Suspicion for intraspinal lipoma may be raised when plain x-rays show spinal canal widening and thinning of the inner aspects of the pedicles. As for intracranial lipomas, their diagnosis is made by the identification of adipose tissue by CT hypodensity and MRI T1- and T2-hypointensity. Other associated dysraphic abnormalities may also be identified, such as spina bifida, vertebral anomalies, and widened interpedicular distance. Although not routinely used, myelography may help assess the relationship between the lipoma and the surrounding subarachnoid spaces. Intracranial cisternal lipomas that are associated with cortical dysplasia have been shown to be better characterized by the Dixon technique, which is a fat-water separation method on MRI (28). Fat is seen in the filum terminale in 3% to 5% of MRIs of the lumbosacral spine (02). In an MR study of 50 patients with occult spinal dysraphism, the conus lay below L3 in 86%, and about half of patients had a lipoma that was commonly associated with an open central canal (58). In cases where there is diagnostic doubt, further investigation depends on the site and suspected differential diagnosis (eg, possibly angiography) if vessels course through the lipoma. Definitive diagnosis is made at operation and by histology.
Most intracranial lipomas are asymptomatic and should be left alone. Given their rarity, there are no clinical trials for their management. Surgical removal of corpus callosal, choroid plexus, and quadrigeminal lipomas should generally be avoided. Surgical removal of Sylvian fissure lipomas has only been reported a handful of times and is considered very risky given the highly vascularized environment (11). Seizures are best managed medically. Hydrocephalus can be treated by ventriculoperitoneal shunting (33). Lipomas in the cerebellopontine angle are usually not associated with other congenital malformations. Decompression should only be considered in cases of an enlarging tumor and compressive symptoms. In a review of 98 cases of cerebellopontine angle lipomas, Tankere and colleagues found that original symptoms improve in 50% of patients postoperatively (63). However, new postoperative deficits were present in 72%, and preservation of hearing was achieved in one quarter of patients.

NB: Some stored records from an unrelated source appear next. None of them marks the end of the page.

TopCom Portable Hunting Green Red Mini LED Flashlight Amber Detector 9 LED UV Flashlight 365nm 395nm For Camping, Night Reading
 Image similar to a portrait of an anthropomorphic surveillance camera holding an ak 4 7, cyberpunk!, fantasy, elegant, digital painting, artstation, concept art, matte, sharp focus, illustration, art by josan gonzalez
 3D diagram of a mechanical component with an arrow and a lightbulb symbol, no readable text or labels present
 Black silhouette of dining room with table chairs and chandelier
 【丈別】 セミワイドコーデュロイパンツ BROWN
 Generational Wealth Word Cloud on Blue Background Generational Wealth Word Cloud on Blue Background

Spinal lipomas are surgically managed when they are symptomatic. In cases of symptomatic intraspinal lipomas in which the symptoms are progressive, earlier operation has been shown to produce some symptom improvements in patients (59). In cases of symptomatic intraspinal lipomas where there are progressive symptoms or enlarging lipoma or syrinx demonstrated on MRI, there is a general feeling that earlier operation is easier and will produce some improvement in up to 60% of patients. In cases where the lipoma is associated with spinal dysraphism, the natural history is one of progressive neurologic dysfunction, and early operation may be preventative (08). The goal of surgery is to reverse spinal cord tethering. In an article, Casado-Ruiz and colleagues called for the proper classification of spinal lipomas using the cord-sac ratio to determine the most appropriate surgical approach for different subtypes of spinal lipomas (10). Based on their center’s experience, they limited radical resection to symptomatic Morota’s Type 1 lipomas (10). Lim and colleagues found that total or near-total resection of complex lumbosacral lipomas can help to prevent re-tethering of the spinal cord and functional decline (39).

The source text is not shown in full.